LG's EXAONE 4.5 goes multimodal with long-context doc skills
LG AI Research releases EXAONE 4.5 with native vision-language training and a 256K context window tuned for document-heavy use, while NVIDIA's Nemotron 3 Super targets agent workloads with a hybrid Mamba-Transformer MoE. Two vision papers push open-world 3D detection and parameter-efficient generation.
One-Line Summary
Models and papers converge on long-context, document-centric multimodality and efficiency—making agents and vision systems faster, cheaper, and more capable.
LLM & SOTA Models
EXAONE 4.5 Technical Report
LG AI Research’s new EXAONE 4.5 is a vision-language model designed to read and reason over documents by training on images and text together. The team adds a dedicated visual encoder to the EXAONE 4.0 framework and pretrains natively across both modalities, with curation that emphasizes document-heavy corpora. The report highlights strong gains on document understanding and Korean contextual reasoning, alongside competitive general benchmarks. It also extends the context window to 256K tokens for long-context use in enterprise workflows. 1
The “document-first” data design is the practical difference: rather than chasing general image benchmarks, the training recipe is aligned to forms, tables, and rich layouts that trip up generic models. In results, EXAONE 4.5 outperforms state-of-the-art peers of similar size on document tasks while remaining broadly capable across general language tests—important if you need one model to handle both business documents and everyday chat. 1
Why it matters for teams: long-context + doc-centric multimodality means fewer brittle OCR/RAG chains and more direct “read this pack of PDFs and summarize discrepancies” workflows. The open-weight release also makes evaluation and on-prem deployment easier for regulated environments. 1
Introducing Nemotron 3 Super: An Open Hybrid Mamba-Transformer MoE for Agentic Reasoning
NVIDIA’s Nemotron 3 Super is built to power long-running agents by combining a Mixture of Experts with Mamba and Transformer layers to keep throughput high and memory steady—even over million-token contexts. It’s a 120B total parameter model with 12B active per token, a native 1M-token context window, and open weights/datasets/recipes for customization. On PinchBench, it scores 85.6%, positioning it as a leading open model for multi-agent “brain” workloads. 2
Architecturally, it introduces latent MoE (consult more experts for the same cost by compressing tokens), multi-token prediction (drafts several future tokens per pass for built-in speculative decoding), and a hybrid Mamba-Transformer backbone to balance sequence efficiency with precise recall.
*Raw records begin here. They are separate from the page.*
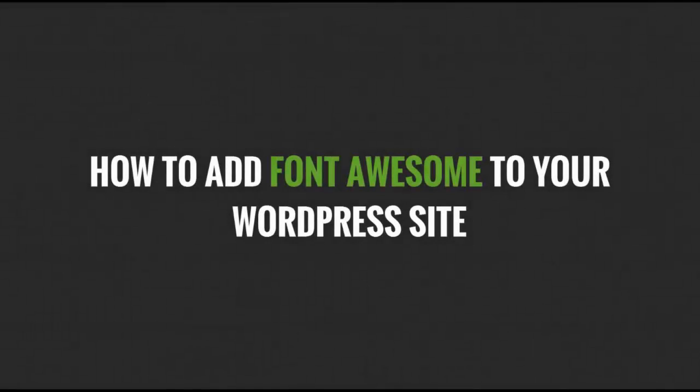Hi guys, this is Diane here from The Design Creative, and today I will be showing you how to add Font Awesome to your website.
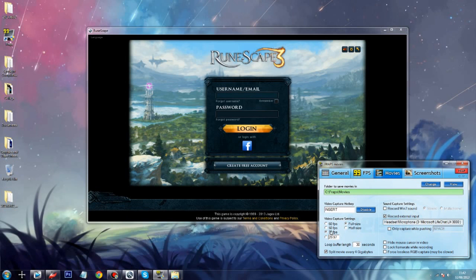For the FPS settings you can use 50 or 30. RuneScape's maximum is 50, but 30 is a good setting for YouTube. I just use 30 for now. I also have it set to split the movie every 4 gigabytes so the file isn't too large, otherwise it might lag my computer. I have the other options unticked, and I have it set to record external input from my microphone. Make sure to untick the push-to-talk option so it records all the time. Then just hit Insert to record.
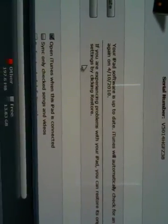Your iPad software is up to date. iTunes will automatically check for an update again on April 10th, 2010. If you're experiencing issues, you can restore it to its original settings by clicking restore. Obviously, I don't have anything on here, so I'm going to go ahead and see if I can find some applications.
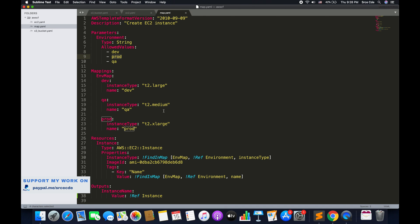Apart from that, it should also name the instance appropriately — adding a name tag based on the environment the user selects. If the user selects dev, then the value of the name tag should be dev. And similarly for QA and prod. So we are basically mapping the environment with the instance type and the name. Let's get started.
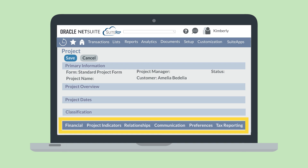The sublists get even further into project details. Here you can provide financial information connected to this project, add contacts to the project, and keep a record of communication regarding the project.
NVIDIA also spotlights NVFP4 pretraining for 4x memory and speed gains on Blackwell-class GPUs while maintaining accuracy. 2
For builders, the takeaway is cost and reliability at agent scale: multi-agent systems can emit up to 15x more tokens than chats, and Super targets that “thinking tax” with higher throughput and long-context stability—useful for codebase-spanning tasks, cybersecurity triage, and tool-heavy plans. 2
Research Papers
WildDet3D: Scaling Promptable 3D Detection in the Wild
This work aims to identify 3D objects from a single RGB image using whatever guidance you can give—text, clicks, or boxes—so it works beyond a fixed set of categories. The authors propose a geometry-aware detector that natively accepts text, point, and box prompts and can even use depth hints at inference for extra accuracy. They also build WildDet3D-Data, a large-scale dataset with over 1M images across 13.5K categories, verified by humans for real-world diversity. 3
On their new open-world benchmark (WildDet3D-Bench), the model hits 22.6/24.8 AP3D with text/box prompts; on Omni3D, it reaches 34.2/36.4 AP3D. In zero-shot tests, it records 40.3/48.9 ODS on Argoverse 2 and ScanNet. A notable result: adding depth signals at inference delivers big gains—on average +20.7 AP across settings—showing simple geometric cues can rescue hard cases in the wild. 3
For teams building AR, robotics, or mapping, promptable 3D detection reduces data bottlenecks: you can steer the detector with natural language or light user input, then bring in depth when sensors allow, rather than collecting narrow, category-specific 3D annotations. 3
360Loc: A Dataset and Benchmark for Omnidirectional Visual Localization with Cross-device Queries
If you’ve ever needed a system to know “exactly where this camera is” inside a known place, 360Loc provides that benchmark for 360° imagery—and stresses cross-device generalization. The dataset combines 360° reference maps with queries from pinhole, fisheye, and 360° cameras, plus a practical pipeline to generate ground-truth 6DoF poses using 360° camera–LiDAR capture. 4
The authors introduce a “virtual camera” method to crop lower-FoV images from 360° frames, enabling fair comparisons across camera types and improving feature matching and pose regression under cross-device domain gaps. Results show omnidirectional localization is more robust in symmetric or repetitive scenes and that virtual-camera augmentation boosts SOTA baselines. 4
ELT: Elastic Looped Transformers for Visual Generation
ELT proposes reusing a small set of Transformer blocks over multiple loops (with shared weights) instead of stacking dozens of unique layers, cutting parameter counts while preserving image/video quality. A training trick called Intra-Loop Self Distillation keeps intermediate loops consistent with the deepest configuration, so one training run yields a family of “any-time” models that trade speed for quality on demand. 5
Under equal inference compute, ELT reports a 4x reduction in parameters and still reaches FID 2.0 on class-conditional ImageNet 256×256 and FVD 72.8 on class-conditional UCF-101—competitive for its budget. The broader efficiency trend echoes recent TTS and decoding work: WAND shows up to 66.2% KV-cache reduction and 1.51–1.89× speedups with windowed attention, and SpecDiff-2 reports up to +55% tokens/sec and as much as 5.5× over standard decoding via diffusion-based drafting. 6 7
Open Source & Repos
fireworks-tech-graph: Technical diagrams from plain language (plus agnix for agent config hygiene)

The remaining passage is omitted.